[Task to carry out]: Each line in the listing below that includes "exterior" should be counted; give the total and nothing more.

[Input records]:
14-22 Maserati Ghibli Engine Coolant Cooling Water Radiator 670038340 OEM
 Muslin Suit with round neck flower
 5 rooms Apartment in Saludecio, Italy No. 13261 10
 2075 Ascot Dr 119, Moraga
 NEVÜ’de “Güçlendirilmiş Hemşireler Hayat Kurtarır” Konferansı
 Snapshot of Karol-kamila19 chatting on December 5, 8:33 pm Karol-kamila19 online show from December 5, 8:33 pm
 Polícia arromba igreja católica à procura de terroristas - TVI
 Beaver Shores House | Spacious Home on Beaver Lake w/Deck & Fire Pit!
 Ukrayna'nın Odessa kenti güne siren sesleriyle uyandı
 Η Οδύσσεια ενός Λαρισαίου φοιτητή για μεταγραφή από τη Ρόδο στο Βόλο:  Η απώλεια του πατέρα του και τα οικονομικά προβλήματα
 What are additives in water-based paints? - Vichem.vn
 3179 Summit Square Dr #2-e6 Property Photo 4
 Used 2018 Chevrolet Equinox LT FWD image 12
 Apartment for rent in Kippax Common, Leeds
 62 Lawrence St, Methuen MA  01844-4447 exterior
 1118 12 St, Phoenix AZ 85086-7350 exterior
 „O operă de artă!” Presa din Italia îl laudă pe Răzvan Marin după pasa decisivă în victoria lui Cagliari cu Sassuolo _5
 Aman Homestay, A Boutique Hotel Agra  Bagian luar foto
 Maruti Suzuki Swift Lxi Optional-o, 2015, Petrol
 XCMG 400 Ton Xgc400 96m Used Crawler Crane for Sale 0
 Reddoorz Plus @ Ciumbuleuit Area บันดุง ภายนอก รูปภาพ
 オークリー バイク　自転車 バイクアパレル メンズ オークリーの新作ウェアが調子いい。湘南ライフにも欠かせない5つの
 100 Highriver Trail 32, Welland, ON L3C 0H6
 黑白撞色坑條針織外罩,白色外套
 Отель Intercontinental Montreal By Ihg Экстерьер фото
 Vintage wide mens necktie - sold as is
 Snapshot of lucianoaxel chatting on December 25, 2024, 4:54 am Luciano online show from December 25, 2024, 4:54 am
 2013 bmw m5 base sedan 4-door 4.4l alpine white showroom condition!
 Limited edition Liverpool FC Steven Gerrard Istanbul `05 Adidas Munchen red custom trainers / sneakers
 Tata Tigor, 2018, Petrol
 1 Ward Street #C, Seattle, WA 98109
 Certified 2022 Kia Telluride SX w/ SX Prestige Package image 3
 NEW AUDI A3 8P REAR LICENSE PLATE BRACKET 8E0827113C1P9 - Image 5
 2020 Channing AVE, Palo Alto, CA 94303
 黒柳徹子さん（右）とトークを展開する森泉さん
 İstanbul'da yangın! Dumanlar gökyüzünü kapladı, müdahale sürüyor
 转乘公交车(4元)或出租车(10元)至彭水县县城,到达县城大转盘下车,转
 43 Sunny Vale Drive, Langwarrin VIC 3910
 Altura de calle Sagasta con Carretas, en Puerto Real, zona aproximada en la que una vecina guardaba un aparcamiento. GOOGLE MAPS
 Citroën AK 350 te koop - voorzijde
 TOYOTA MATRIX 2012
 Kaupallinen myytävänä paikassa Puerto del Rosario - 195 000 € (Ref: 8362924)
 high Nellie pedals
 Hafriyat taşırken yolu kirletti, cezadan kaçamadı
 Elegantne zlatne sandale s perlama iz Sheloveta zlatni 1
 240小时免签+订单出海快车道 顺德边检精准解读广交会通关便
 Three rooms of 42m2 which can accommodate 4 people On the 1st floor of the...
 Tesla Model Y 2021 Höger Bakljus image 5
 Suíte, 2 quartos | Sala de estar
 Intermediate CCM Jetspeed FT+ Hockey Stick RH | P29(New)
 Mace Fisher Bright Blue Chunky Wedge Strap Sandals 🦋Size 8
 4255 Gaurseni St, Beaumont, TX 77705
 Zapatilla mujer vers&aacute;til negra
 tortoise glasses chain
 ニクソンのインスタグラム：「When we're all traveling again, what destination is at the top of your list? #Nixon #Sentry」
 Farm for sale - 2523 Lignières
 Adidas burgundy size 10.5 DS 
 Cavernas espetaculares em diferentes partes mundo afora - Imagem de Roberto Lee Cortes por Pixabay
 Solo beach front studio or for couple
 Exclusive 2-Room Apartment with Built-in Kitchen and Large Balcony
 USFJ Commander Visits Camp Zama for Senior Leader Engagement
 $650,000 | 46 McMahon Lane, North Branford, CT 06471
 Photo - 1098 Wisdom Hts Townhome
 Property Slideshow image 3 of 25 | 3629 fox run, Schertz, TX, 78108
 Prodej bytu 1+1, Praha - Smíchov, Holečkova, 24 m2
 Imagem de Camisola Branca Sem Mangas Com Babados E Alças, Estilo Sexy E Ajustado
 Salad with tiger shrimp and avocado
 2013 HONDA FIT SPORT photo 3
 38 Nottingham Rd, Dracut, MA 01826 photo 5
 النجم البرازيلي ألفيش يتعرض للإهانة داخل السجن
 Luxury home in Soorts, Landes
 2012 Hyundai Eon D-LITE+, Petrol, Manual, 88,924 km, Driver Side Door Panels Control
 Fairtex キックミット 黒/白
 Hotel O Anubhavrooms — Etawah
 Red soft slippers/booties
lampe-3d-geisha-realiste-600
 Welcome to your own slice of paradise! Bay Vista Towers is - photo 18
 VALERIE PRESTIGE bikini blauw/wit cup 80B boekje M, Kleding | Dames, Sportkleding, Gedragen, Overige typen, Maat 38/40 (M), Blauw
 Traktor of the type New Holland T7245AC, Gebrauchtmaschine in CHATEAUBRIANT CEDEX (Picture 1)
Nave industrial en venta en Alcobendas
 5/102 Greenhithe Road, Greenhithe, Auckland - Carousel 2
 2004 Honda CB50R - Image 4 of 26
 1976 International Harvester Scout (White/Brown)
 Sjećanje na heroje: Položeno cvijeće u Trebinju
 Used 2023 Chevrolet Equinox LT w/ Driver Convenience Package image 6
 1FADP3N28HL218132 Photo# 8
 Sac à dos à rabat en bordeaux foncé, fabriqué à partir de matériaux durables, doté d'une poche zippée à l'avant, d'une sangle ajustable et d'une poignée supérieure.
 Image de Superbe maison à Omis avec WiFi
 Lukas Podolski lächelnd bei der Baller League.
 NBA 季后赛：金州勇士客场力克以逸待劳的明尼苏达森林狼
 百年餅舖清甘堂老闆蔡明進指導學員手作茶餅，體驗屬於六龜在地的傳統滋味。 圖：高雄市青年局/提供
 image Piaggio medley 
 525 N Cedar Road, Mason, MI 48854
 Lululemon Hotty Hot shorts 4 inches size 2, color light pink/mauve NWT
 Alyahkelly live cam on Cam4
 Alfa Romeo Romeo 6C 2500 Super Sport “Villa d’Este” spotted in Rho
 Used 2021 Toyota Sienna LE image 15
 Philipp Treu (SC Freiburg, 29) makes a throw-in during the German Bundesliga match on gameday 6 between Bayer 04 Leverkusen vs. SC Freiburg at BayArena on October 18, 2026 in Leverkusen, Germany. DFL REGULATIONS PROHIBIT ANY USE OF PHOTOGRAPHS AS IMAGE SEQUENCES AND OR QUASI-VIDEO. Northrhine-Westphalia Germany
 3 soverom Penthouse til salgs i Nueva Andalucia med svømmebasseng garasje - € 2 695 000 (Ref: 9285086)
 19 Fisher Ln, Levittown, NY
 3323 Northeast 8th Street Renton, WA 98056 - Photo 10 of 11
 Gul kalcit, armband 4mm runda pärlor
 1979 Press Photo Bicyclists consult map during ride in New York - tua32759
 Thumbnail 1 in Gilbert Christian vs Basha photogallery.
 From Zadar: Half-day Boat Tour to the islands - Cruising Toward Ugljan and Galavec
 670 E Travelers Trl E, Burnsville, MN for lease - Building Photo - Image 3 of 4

[Answer]: 2